_Task details_
Among the records below, find the line that has "Split Shank Oval"; from there, give the lines again exactly, and stop after the line that has "Basel sto 160x90x75 cm hrast/crna".

_Material provided_
━━━━━━

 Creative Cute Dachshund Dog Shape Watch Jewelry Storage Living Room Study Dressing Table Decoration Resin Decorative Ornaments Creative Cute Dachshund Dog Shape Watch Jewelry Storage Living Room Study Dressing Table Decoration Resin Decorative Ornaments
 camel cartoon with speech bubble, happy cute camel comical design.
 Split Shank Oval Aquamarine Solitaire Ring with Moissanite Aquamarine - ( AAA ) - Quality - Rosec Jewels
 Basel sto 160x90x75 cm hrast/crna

━━━━━━

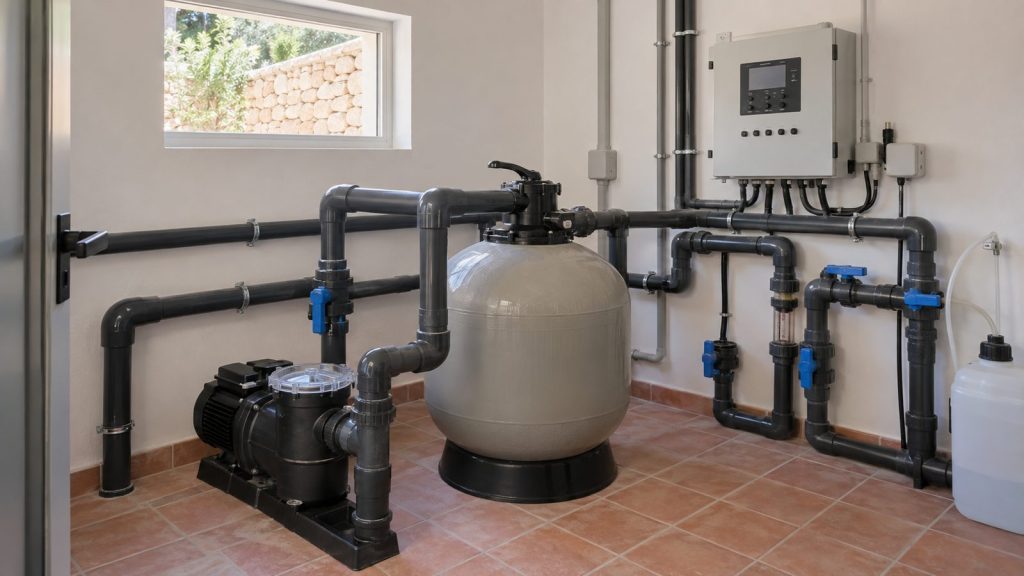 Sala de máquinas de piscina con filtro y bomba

━━━━━━

_Expected output_
 Split Shank Oval Aquamarine Solitaire Ring with Moissanite Aquamarine - ( AAA ) - Quality - Rosec Jewels
 Basel sto 160x90x75 cm hrast/crna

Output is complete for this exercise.